How to show that a random variable is NOT normally distributed?

Question

Usually we show that a random variable is normally distributed, but how to show a random variable is NOT normally distributed? For example, this game's strategy is to bet $\$1$ in the $(n+1)^{th}$ game if the total winning up to the $n^{th}$ game is $\le 0$, and we stop when the total winning is $>0$. How to show that $W_i = \sum_{i=1}^n A_i X_i$ does not have a normal distribution?

Suppose $X_1, X_2, \dots$ are independent random variables each with a $N(0, 1)$ distribution. Let $\mathcal F_n$ denote the information in $X_1, \dots, X_n$, and let $A_1, A_2, \dots$ be a sequence of random variables such that for each $j$, $A_j$ is $F_{j-1}$ measurable. Let $W_0 = 0$ and for $n > 0$.

Suppose that

$$A_n = \begin{cases} 1, \text{ if } (n = 1) \text{ or } (A_{n-1} = 1 \text{ and } W_{n-1} \le 0)\\ 0, \text{ otherwise} \end{cases} $$

How to show that for all $n>1$, $W_n = \sum_{i=1}^n A_i X_i$ does not have a normal distribution? What are its expected value $\mathbb E[W_n]$ and $P(W_n>0)$?

Answer 1

Step 1. Let

$$ S_n = \sum_{i=1}^{n} X_i \qquad\text{and}\qquad T = \inf\{n \geq 0 : S_n > 0\}. $$

Then by induction, we can show:

1. $\{A_n = 1 \} = \{ T \geq n \}$, and
2. $W_n = S_{T \wedge n}$, where $a \wedge b = \min\{a, b\}$.

Indeed, it is clear that both claims hold for the base case $n =1$. Next, if it holds for $n$, then

\begin{align*} \{A_{n+1} = 1 \} &= \{A_n = 1, W_n \leq 0 \} = \{T \geq n, W_n \leq 0 \} = \{T \geq n, S_n \leq 0 \} \\ &= \{T \geq n+1 \}. \end{align*}

Also,

\begin{align*} W_{n+1} = W_n + A_{n+1} X_{n+1} = S_{T\wedge n} + \mathbf{1}_{\{ T \geq n+1 \}} X_{n+1} = S_{T \wedge n+1}, \end{align*}

proving the induction step and hence the claim as desired.

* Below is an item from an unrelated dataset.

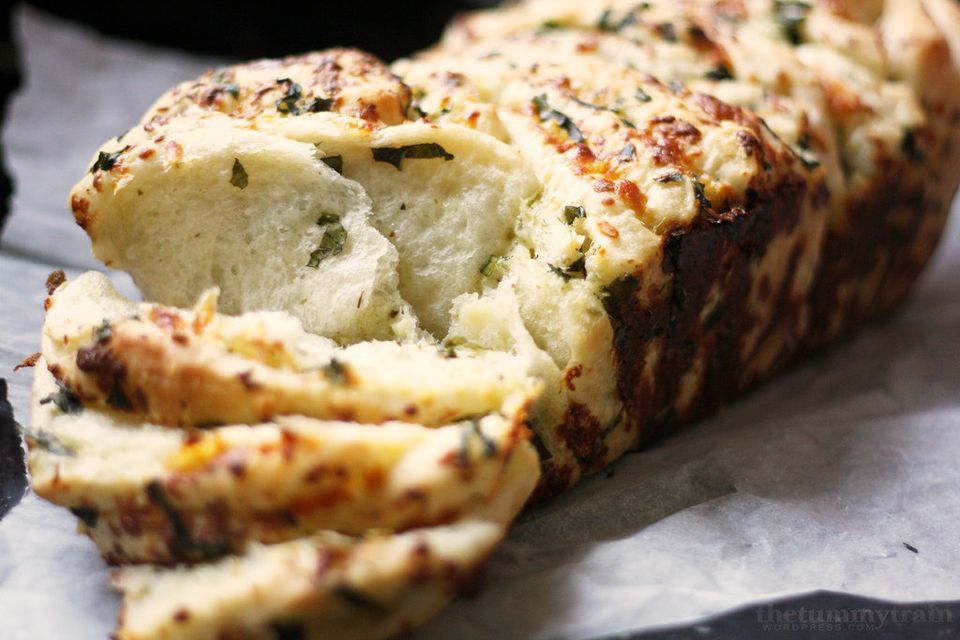 Herb & Cheese Pull-Apart Bread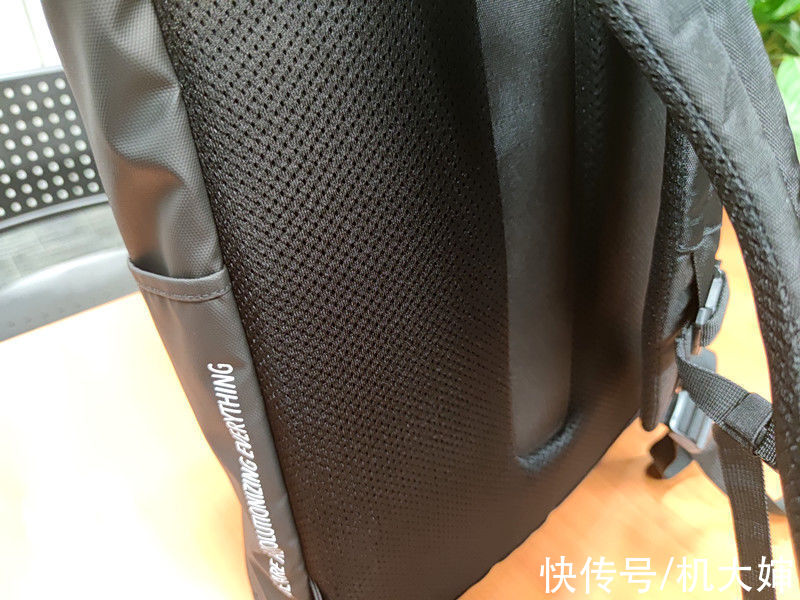 收纳|背包中的“变形金刚”，小米有品这款悠启全能模块双肩包：YYDS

Step 2. By the optional stopping theorem,

$$ \mathbf{E}[W_n] = \mathbf{E}[S_{T \wedge n}] = \mathbf{E}[S_0] = 0. $$

So, if $(W_n)$ has a normal distribution, then we must have $\mathbf{P}(W_n > 0) = \frac{1}{2}$. However,

$$ \mathbf{P}(W_n > 0) = \mathbf{P}(S_{T \wedge n} > 0) = \mathbf{P}(T \leq n) $$

and it is not hard to show that $n \mapsto \mathbf{P}(T \leq n)$ is strictly increasing in $n$ with $\mathbf{P}(T \leq 1) = \frac{1}{2}$. For example, we may argue this by bounding $\mathbf{P}(T = n+1)$ from below by the probability of a specific, tractable scenario in which $T = n+1$ holds:

\begin{align*} \mathbf{P}(T \leq n+1) - \mathbf{P}(T \leq n) &= \mathbf{P}(T = n + 1) \\ &\geq \mathbf{P}(X_1 \in [-1, 0], \ldots, X_n \in [-1, 0], X_{n+1} > n) \\ &> 0 \end{align*}

Consequently, we have $\mathbf{P}(W_n > 0) > \frac{1}{2}$ for all $n \geq 2$ and this proves that $W_n$, $n \geq 2$, cannot have a normal distribution.